Trout Bum–John Gierach
Gierach is a worthy successor to Robert Traver as the sports’ premier storyteller and his early work, Trout Bum, is one of his best. A Colorado resident, Gierach published Trout Bum in 1986, popularizing that term in a book that has become a cult classic and is still my favorite among his prolific productions. In a series of short stories and tales he captures in a witty fashion the essence, delight, and sometimes comic nature of fly fishing. Since then he has published 19 other books in the same vein, one about every two-three years. His latest has just been released—Dumb Luck And The Kindness Of Strangers. All are good reads but are somewhat repetitive. One of my favorite fishing quips comes from an angler in one of Gierach’s tales, a definition of a fishing buddy: “Yeah he can be an a**hole, but we get along most of the time.” As an aside, Gierach probably has the most mispronounced last name among fishing authors. Variations include Gee-rack, Guy-rish, Guy-rack, etc. It’s Gear-ash from his own mouth in a musky fishing video that can be found on the web.

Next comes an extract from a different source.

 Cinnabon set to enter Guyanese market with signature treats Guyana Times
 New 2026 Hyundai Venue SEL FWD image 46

Fishing has generated more books and literature than any other sport, reflecting its long history and millions of practitioners. Perhaps as much as any genre of writing, fishing also has a surfeit of anthologies—a collection of stories by multiple authors in one book. Usually made up of short stories or brief excerpts from a book, anthologies are perfect when you only have a limited time to read a story or two and don’t feel like plunging into a book-length commitment. They are also a great way to introduce yourself to new writers and their works that you may decide are worth delving into. I discovered Jim Harrison in that way. I have listed three of my favorite anthologies below, each compiled by a noted author or publisher who is also an avid, accomplished angler. Get one, settle back, and enjoy.

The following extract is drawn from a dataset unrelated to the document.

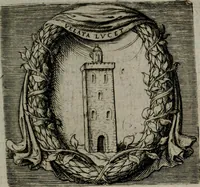 An illustration from Imprese illustri di diuersi : co i discorsi (1586)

Fisherman’s Bounty/The Gigantic Book of Fishing Stories/Hook, Line, and Sinker—Nick Lyons
Perhaps more than any one person in the modern area, Nick Lyons is responsible for identifying and publishing gifted angling writers. Lyons was a college English professor and then an executive editor for Crown Publishers, a major press. He went on to create his own publishing company, Lyons Press, which has earned a deserved reputation as the leading publisher of quality fishing books. His first anthology and still one of the best is Fisherman’s Bounty which came out in 1970. It includes writings from historical figures like Izaak Walton as well as stories from modern day authors who changed the course of fly fishing with their books in the 1950s-60s like Ernest Schwiebert (Matching the Hatch), and Vincent Marinaro (In The Ring of The Rise). More recent anthologies like The Gigantic Book of Fishing Stories, which sports an incredible array of writers from Rudyard Kipling to Tom McGuane and John McPhee, and his latest, Hook, Line, and Sinker, carry on his tradition of wonderful anthologies.
Because of his tremendous impact on fly fishing literature, I am including this illuminating interview with Lyons from Fly Dreamers:
Fd: When did you start fly fishing? Can you tell us your memories from those days?

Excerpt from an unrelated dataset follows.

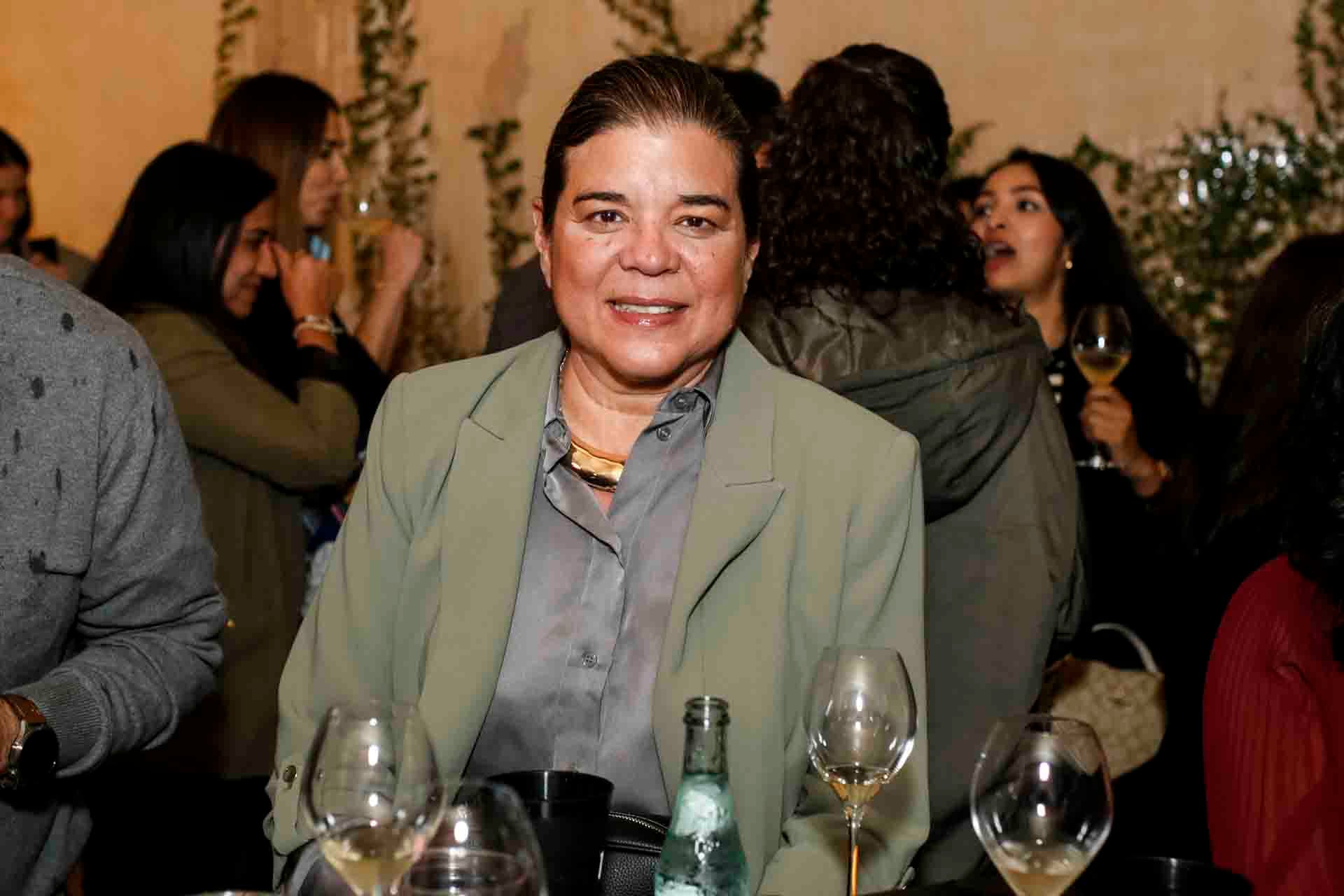 Sonya Santos. (Esteban Torreblanca)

Nick: I had fished from before memory but I only started to fly fish seriously in my early 20s and was immediately mad for it. I had no instruction and found that I could not cast well when I threaded the line through the keeper ring. I fished in Michigan when I was in graduate school and caught nothing in the great AuSable. Back in NYC I fished a little club stream in New Jersey to which an army friend belonged–and finally began to get some fish, which made it all more worthwhile.
Fd: What are the reasons that made you start writing about fishing? What do you think drives people to do that?
Nick: I had been writing literary criticism but one day in my thirties I took a memorable trip to the Beaverkill with a remarkable new friend and immediately wrote “Mecca” and a little later “First Trout, First Lie” about a trout I had gigged in a small Catskill stream in mid-summer. FIELD & STREAM published them a few months later, my first writing about fishing. I loved the new “voice” I had found, so far from the heavy academic prose I had been writing.
Fd: How did you start working on publishing fly fishing books? How did you come across such great authors and works on the early days?
Nick: I was teaching English at Hunter College and (with four young children) took a second job at Crown Publishers. I wanted books closer to my heart than the commercial fare they published. Art Flick’s STREAMSIDE GUIDE was out of print and I wanted a copy so I got the rights and that was the first. Crown asked me to put together an anthology and I compiled FISHERMAN’S BOUNTY and happily this put me in touch with a whole host of first-rate writers, like Marinaro, whom I published next.
Fd: What can you tell us about the process of finding new authors?
Nick: There’s no substitute for reading widely, in all of the magazines on the subject, and in my case I asked just about everyone I came in contact with–or published–for their suggestions and pursued matters from there. I always leaned toward the literary but for non-fiction I tried to think of what “needed” to be done–Lefty Kreh on saltwater fly fishing, Swisher-Richards on new patterns–always the best I could find on worthwhile subjects.
Fd: Out of curiosity, what are the all-time top selling books on fly fishing?
Nick: SELECTIVE TROUT, ART FLICK’S STREAMSIDE GUIDE, PRACTICAL FISHING KNOTS, and THE ORVIS FLY FISHING GUIDE.
Fd: What are your thoughts on the amount of information available on the internet in contrast to the magazine and book industry?
Nick: I try not to follow the internet and consider most of it too simplified, in too many “bites”.
Fd: What are your all-time favorite books and authors related to the outdoors and fly fishing? What recent books would you recommend?
Nick: Ted Leeson, THE HABIT OF RIVERS. Roderick Haig Brown, A RIVER NEVER SLEEPS. Norman Maclean, A RIVER RUNS THROUGH IT. Tom McGuane, anything he writes.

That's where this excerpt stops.